Empezando de nuevo

Comencé a aprender a caminar llevando puestas unas férulas anti-equino y con muletas.

Periódicamente acudía a sesiones de rehabilitación y de electroterapia en las extremidades.

Muy lentamente se fue mejorando la sensibilidad de pantorrillas hacia abajo y al cabo de un

tiempo me sustituyeron las férulas por un artilugio con un muelle atornillado al zapato del pie derecho,

que es el más dañado, y pude cambiar las muletas por un bastón.

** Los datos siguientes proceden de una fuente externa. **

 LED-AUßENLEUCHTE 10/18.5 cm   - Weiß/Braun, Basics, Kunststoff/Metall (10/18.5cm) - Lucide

En aquel período conocí cómo olía el suelo de varias calles de Alicante.

Lo peor era el empezar a aceptar la nueva situación sin caer en el desánimo, cuando todo dependía

de una posible metástasis, a alguien se le escapa algo como "seis meses", y el estado físico en que me

encontraba era lamentable, (40 kilos de peso y muy mala asimilación de alimentos).

Así que no quedaba otra que echarle coraje y vivir cada día con la mayor intensidad posible y conjurar

los miedos con un: mañana tengo que hacer esto o aquello o aprender algo nuevo.

Desde entonces he tenido algunos altibajos, algún nuevo ingreso de pocos días por temas relacionados

con la alimentación o anemia, pero lo maravilloso es que la vida sigue deseando ser vivida.